Prespecified secondary referral outcomes include (1) change in the proportion of appropriate referrals for low eGFR (<30 mL/min/1.73 m2); (2) change in the proportion of appropriate referrals for proteinuria (urinary ACR>60 mg/mmol); (3) change in the proportion of appropriate referrals for low eGFR or proteinuria which provided at least one urine ACR value (actual, not estimated); (4) change in the proportion of appropriate referrals for low eGFR or proteinuria which provided at least one urinalysis; and (5) change in the proportion of late referrals (defined here as eGFR<15 mL/min/1.73 m2 and/or a 2-year kidney failure risk14 (KFRE2)>10%).

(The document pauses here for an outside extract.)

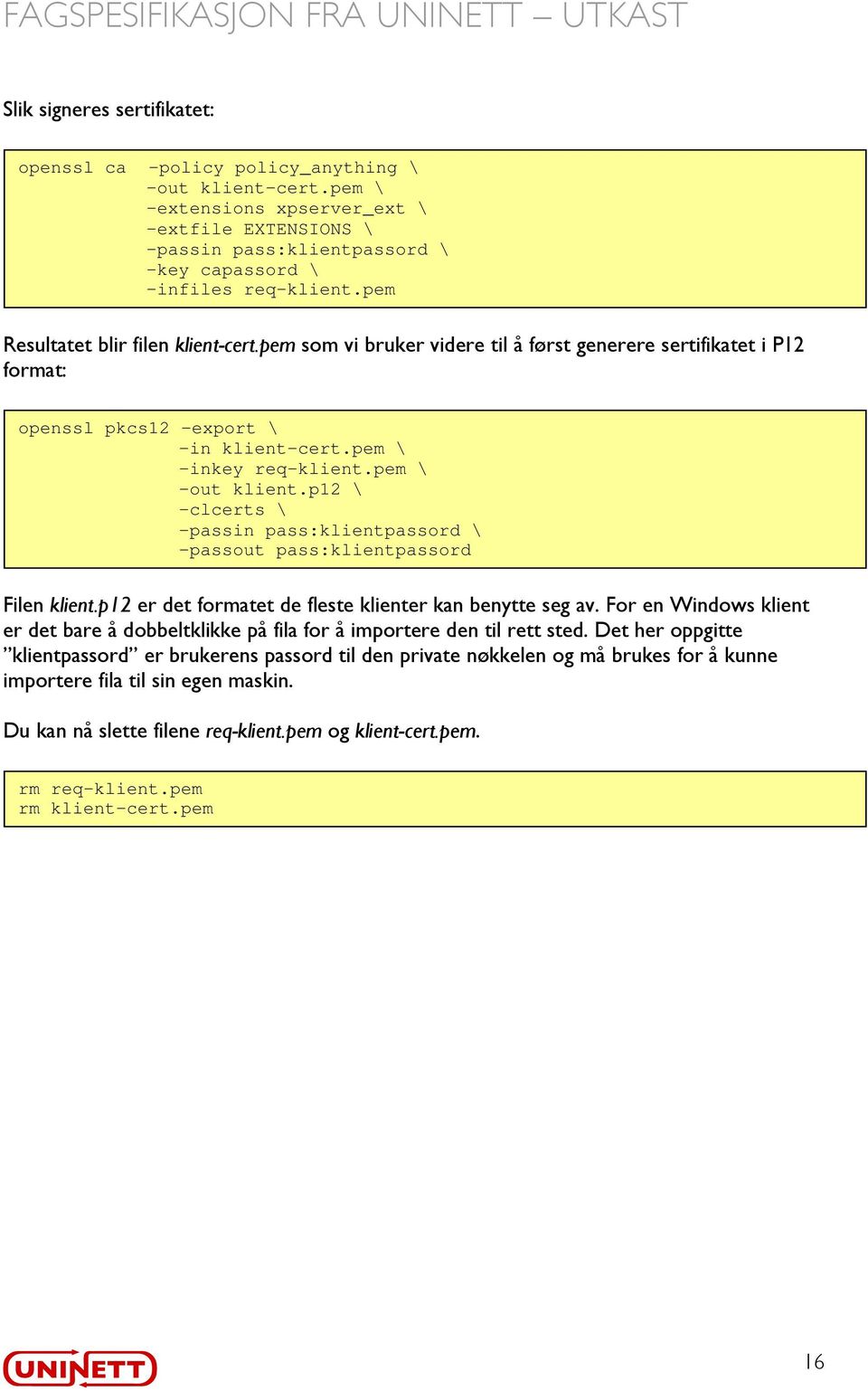 pem som vi bruker videre til å først generere sertifikatet i P12 format: openssl pkcs12 -export \ -in klient-cert.pem \ -inkey req-klient.pem \ -out klient.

Secondary prespecified quality of care outcomes which aligned with the recommendations in the toolkit were as follows: (1) change in the proportion of persons referred who were on an ACE inhibitor or angiotensin receptor blocker (all referrals and those with an indication (eg, ACR > 3 mg/mmol with diabetes mellitus, ACR > 30 mg/mmol without DM)); and (2) change in the proportion of persons referred who were on a statin (all referrals and those with a primary prevention indication (eg, CKD with DM, CKD without DM and ≥50 years of age)).
Statistical analysis
Assuming that the baseline proportion of referrals that met the KidneyWise criteria was 50% (based on a previous audit conducted at the SJHH site) and that the toolkit would lead to a relative 20% increase in this proportion (ie, to an absolute value of 60%), 519 referrals would be required during each time period to detect a significant difference (alpha 0.05) with 90% power. Assuming that more than 2000 referrals are received at the two sites over a 1-year period (the SJHH site received ~2000 referrals the previous year), a 3-month collection period before and after toolkit introduction was considered sufficient to achieve the required sample size.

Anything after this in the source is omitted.